EXERCISE GOAL →
Could you show all lines in the entries below that contain the string "Retro"?

MATERIAL FOR THIS EXERCISE →
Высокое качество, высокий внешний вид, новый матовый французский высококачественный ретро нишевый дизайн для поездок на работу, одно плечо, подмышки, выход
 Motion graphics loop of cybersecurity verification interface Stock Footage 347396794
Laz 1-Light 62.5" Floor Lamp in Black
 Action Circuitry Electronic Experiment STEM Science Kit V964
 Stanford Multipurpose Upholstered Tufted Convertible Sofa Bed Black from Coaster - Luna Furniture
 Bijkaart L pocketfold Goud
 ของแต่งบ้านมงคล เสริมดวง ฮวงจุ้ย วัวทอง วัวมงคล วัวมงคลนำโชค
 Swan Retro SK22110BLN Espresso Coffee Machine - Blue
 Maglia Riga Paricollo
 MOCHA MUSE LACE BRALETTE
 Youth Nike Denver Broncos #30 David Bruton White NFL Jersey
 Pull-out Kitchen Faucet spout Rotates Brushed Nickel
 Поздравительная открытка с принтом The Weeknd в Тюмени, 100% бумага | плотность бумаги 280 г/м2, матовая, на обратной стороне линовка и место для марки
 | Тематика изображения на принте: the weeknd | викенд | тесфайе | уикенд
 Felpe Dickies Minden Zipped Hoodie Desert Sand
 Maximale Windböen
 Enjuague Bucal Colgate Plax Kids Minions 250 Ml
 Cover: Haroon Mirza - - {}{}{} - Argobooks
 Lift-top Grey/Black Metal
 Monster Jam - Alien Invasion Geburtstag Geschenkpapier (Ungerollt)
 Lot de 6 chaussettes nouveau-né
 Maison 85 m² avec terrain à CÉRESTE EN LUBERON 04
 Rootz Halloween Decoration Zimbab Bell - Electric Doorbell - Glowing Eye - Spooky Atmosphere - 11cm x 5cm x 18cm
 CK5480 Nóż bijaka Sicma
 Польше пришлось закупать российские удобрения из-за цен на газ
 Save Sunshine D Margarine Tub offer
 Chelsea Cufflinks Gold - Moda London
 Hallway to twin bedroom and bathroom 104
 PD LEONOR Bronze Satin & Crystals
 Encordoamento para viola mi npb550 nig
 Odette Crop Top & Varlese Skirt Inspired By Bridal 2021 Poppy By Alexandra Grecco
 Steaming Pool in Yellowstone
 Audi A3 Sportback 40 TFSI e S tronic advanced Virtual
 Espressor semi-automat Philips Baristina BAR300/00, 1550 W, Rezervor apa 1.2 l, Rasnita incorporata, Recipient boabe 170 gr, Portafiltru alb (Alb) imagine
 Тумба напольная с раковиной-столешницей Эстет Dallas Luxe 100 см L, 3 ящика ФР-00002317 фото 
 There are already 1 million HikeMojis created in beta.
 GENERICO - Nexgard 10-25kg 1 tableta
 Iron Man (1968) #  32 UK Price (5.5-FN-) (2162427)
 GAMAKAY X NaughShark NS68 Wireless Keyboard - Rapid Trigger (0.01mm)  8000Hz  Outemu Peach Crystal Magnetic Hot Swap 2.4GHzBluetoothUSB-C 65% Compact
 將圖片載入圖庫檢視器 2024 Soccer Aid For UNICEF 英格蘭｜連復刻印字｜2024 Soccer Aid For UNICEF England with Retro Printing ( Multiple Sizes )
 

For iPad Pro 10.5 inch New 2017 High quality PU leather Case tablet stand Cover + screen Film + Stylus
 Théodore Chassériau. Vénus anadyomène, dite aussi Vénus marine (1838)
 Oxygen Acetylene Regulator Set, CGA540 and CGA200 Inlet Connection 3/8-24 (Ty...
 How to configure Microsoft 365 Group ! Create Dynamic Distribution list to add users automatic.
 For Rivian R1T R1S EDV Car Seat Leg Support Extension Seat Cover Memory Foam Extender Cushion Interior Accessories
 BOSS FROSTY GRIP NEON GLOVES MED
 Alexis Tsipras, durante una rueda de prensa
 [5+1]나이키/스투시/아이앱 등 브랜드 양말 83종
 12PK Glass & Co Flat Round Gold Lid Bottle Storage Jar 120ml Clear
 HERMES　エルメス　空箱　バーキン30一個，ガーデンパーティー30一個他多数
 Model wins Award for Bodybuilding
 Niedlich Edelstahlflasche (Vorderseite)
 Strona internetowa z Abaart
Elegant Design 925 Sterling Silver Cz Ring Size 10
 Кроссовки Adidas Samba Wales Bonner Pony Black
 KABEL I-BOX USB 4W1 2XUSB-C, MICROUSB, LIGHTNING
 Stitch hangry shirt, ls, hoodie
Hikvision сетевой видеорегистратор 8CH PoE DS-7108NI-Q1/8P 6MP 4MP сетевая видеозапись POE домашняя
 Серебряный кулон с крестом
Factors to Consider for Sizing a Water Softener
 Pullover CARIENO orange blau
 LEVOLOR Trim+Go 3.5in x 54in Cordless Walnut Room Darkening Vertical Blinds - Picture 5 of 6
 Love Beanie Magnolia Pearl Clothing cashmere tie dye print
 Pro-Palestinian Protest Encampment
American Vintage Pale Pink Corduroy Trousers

RESULT OF THE EXERCISE →
 Swan Retro SK22110BLN Espresso Coffee Machine - Blue
 將圖片載入圖庫檢視器 2024 Soccer Aid For UNICEF 英格蘭｜連復刻印字｜2024 Soccer Aid For UNICEF England with Retro Printing ( Multiple Sizes )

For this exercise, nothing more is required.